Evidências e bolsões no oceano
Sem imagens ou registros diretos, a existência do Rio Hamza depende de evidências geofísicas. Mas a pesquisadora aponta fenômenos que reforçam sua tese, como a presença de bolsões de água doce em alto-mar.
Elizabeth afirma que pescadores já relataram encontrar água doce em regiões afastadas da costa. A explicação, segundo ela, seria o fluxo de rios subterrâneos como o Hamza, que seguem até o oceano e acabam liberando essa água doce no mar, mesmo a grandes distâncias da costa.
Para a pesquisadora, esse fenômeno reforça a ideia de que a água subterrânea percorre grandes distâncias em profundidade e emerge em pontos específicos, o que sustentaria a existência de um rio subterrâneo com as características descritas em sua pesquisa.
Reações da comunidade científica
A repercussão foi imediata, mas também dividida. A professora lembra que, ao divulgar os dados, recebeu diversas críticas, especialmente de geólogos. Segundo ela, parte da resistência veio da diferença de abordagem entre geólogos e geofísicos.
Enquanto geólogos tendem a exigir amostras físicas para validar teorias, os geofísicos utilizam evidências indiretas, como as medidas de temperatura, para fazer inferências e prospecções. Foi com base nesse segundo método que o Rio Hamza foi descrito.
Outro ponto de discordância é sobre a comunicação entre as bacias sedimentares. A pesquisa de Elizabeth indica que elas são conectadas por meio do fluxo de água, enquanto geólogos costumam considerá-las compartimentos isolados, separados por estruturas como arcos geológicos.
Segundo a professora, o modelo adotado por ela mostra que há um fluxo contínuo entre as bacias, com a água se movendo pelos poros das rochas.
Isso gera uma circulação ampla, o que seria a base da existência do rio subterrâneo.
Pesquisa interrompida por falta de apoio
Após a conclusão da pesquisa em 2013, Elizabeth conseguiu publicar dois artigos internacionais. Porém, ela precisou retomar seu trabalho na Universidade Federal do Amazonas, o que a impediu de continuar com os estudos em ritmo acelerado.
A continuidade da pesquisa esbarrou em dificuldades. Segundo a professora, seriam necessários equipamentos sofisticados e um alto investimento financeiro para coletar novos dados em profundidade. Recursos que ela não conseguiu obter na época.

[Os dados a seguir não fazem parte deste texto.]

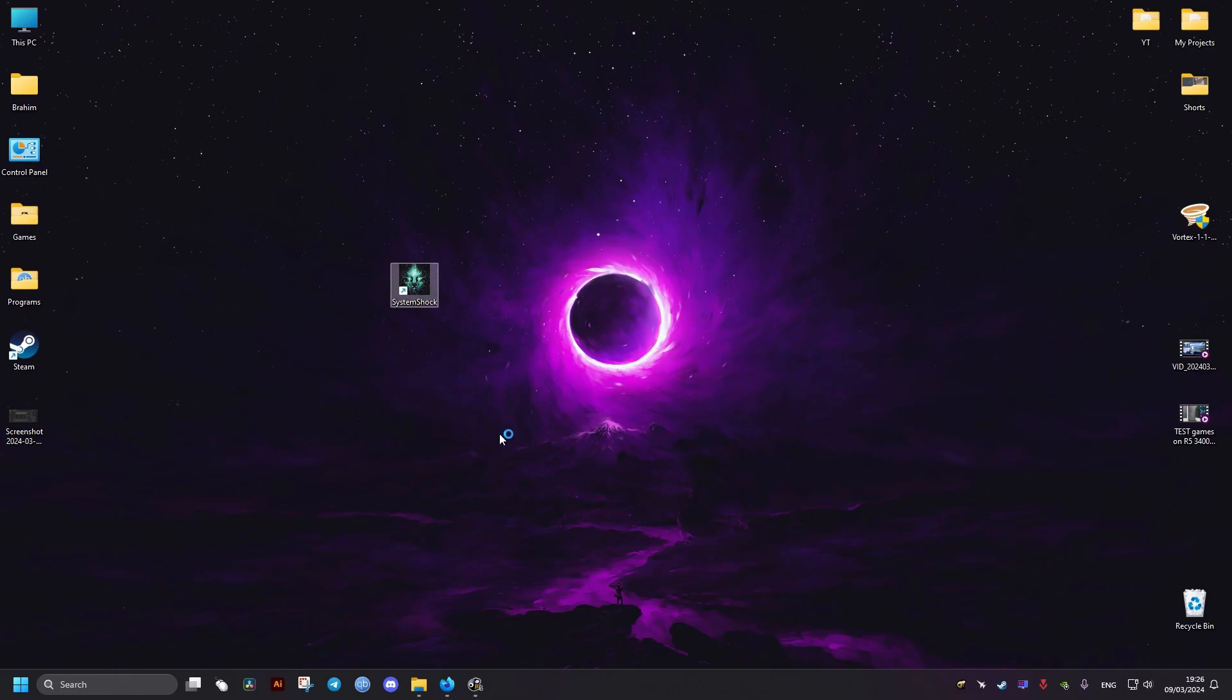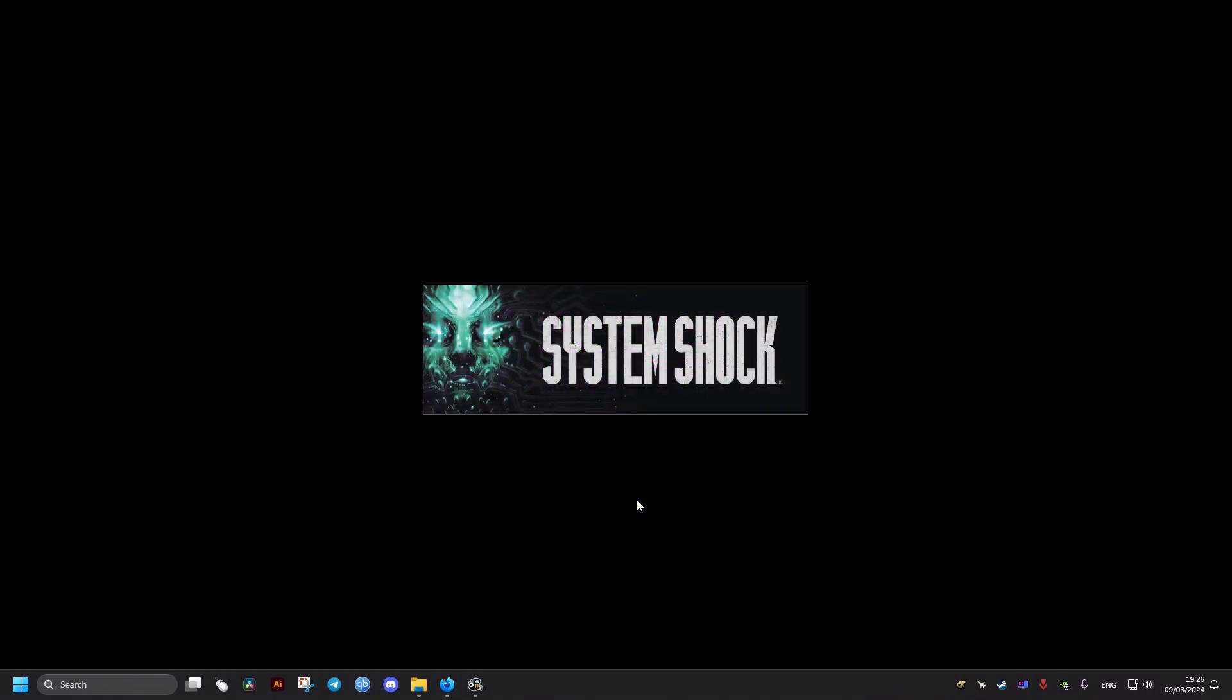As you can see here, when we run it, it's going to run without encountering the black screen. Hope this helps you, and peace out.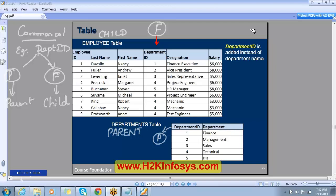So did you understand what is a parent and what is a child? It all depends on the common column. If the common column is a primary key, that table becomes a parent. If that common column is a foreign key, then that table becomes a child. Simple concept.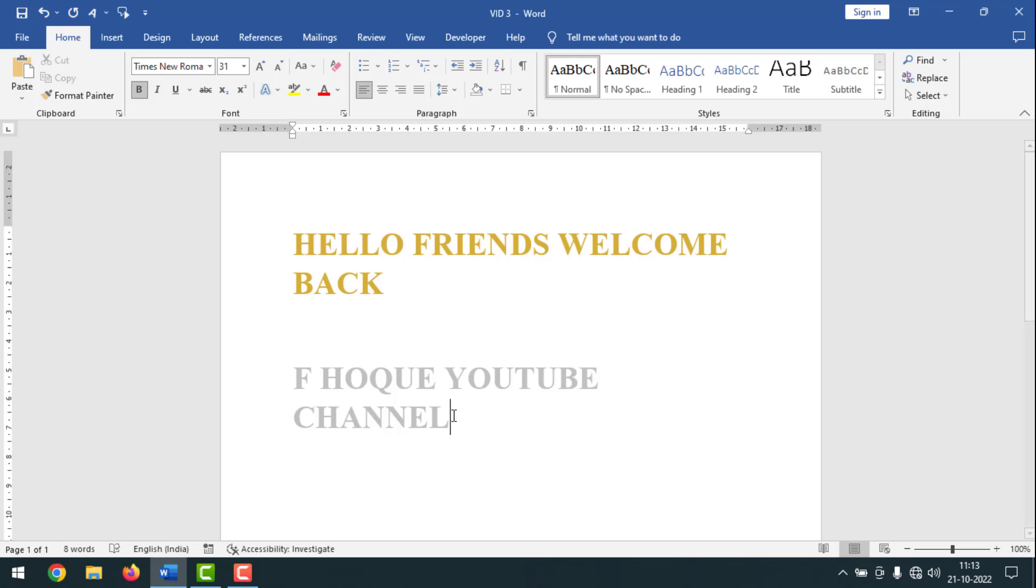Hello friends, welcome back to my AfroKeytop channel. I hope you are good. Today I'm going to show you how to make golden and silver colors in MS Word.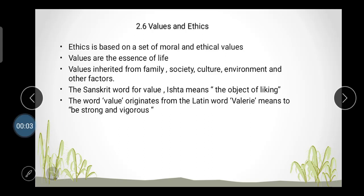Hello, dear friends. This video lecture is regarding unit number two, part two. I hope you've seen the last video lecture regarding unit number two, part one, where we discussed five topics: principles of professional ethics, principles of personal ethics, honesty, transparency, integrity, need of ethics, and how you conduct ethics in your business and profession. In this video lecture, we continue with unit number two.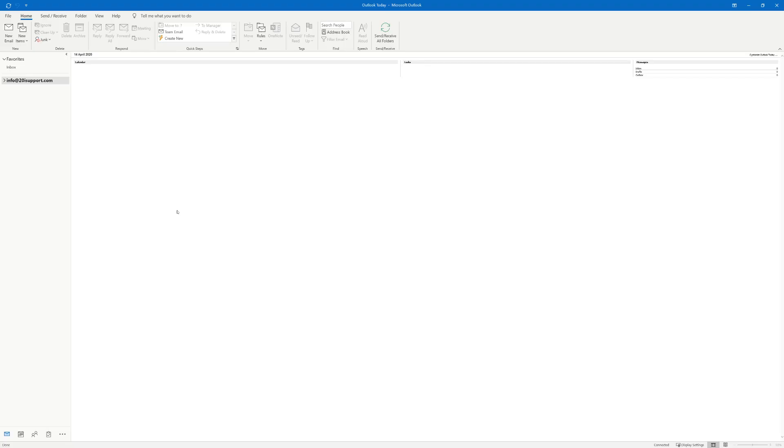In addition to webmail, at 20i you're more than welcome to set up your mailbox in a mail client of your choice. One of the more popular clients out there is Outlook. In this video we'll be running through a manual setup of a mailbox within Outlook.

Mais tarde, em 2018, Elizabeth conseguiu aprovar um projeto na Fundação de Amparo à Pesquisa do Estado do Amazonas (Fapeam) para coletas em áreas mais rasas. As coletas foram feitas em Manaus e em Humaitá, onde ela reside atualmente.

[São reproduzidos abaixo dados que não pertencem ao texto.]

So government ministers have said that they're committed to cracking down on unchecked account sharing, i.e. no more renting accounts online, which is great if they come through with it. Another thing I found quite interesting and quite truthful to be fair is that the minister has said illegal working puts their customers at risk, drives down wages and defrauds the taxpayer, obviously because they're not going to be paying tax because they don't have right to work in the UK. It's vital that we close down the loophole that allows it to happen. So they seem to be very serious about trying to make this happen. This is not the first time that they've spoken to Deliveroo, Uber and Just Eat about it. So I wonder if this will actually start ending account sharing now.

Essas novas análises detectaram alterações climáticas ao longo do último milênio, mas não trouxeram novos dados profundos sobre o Rio Hamza. A limitação técnica e orçamentária ainda impede o avanço do estudo em profundidade.
Potencial futuro do reservatório
Mesmo com a paralisação das pesquisas profundas, a professora acredita que o Rio Hamza representa uma grande descoberta. Segundo ela, o fluxo indica a existência de um reservatório de água em subsuperfície, que pode vir a ser útil no futuro.
Ela ressalta que, além dos aquíferos já conhecidos, há ainda outras reservas hídricas em camadas mais profundas do solo. E essa água, possivelmente potável, pode se tornar um recurso estratégico.
Para Elizabeth, o Rio Hamza representa uma garantia de que o subsolo da Amazônia guarda um potencial hídrico ainda pouco explorado, que pode servir como alternativa em cenários futuros de escassez.
A professora finaliza afirmando que, embora o trabalho sobre o Rio Hamza não tenha avançado nos últimos anos, a descoberta permanece válida.
E acredita que, com novas tecnologias e apoio adequado, será possível continuar explorando esse fenômeno e revelar ainda mais sobre o que corre abaixo do maior rio do mundo.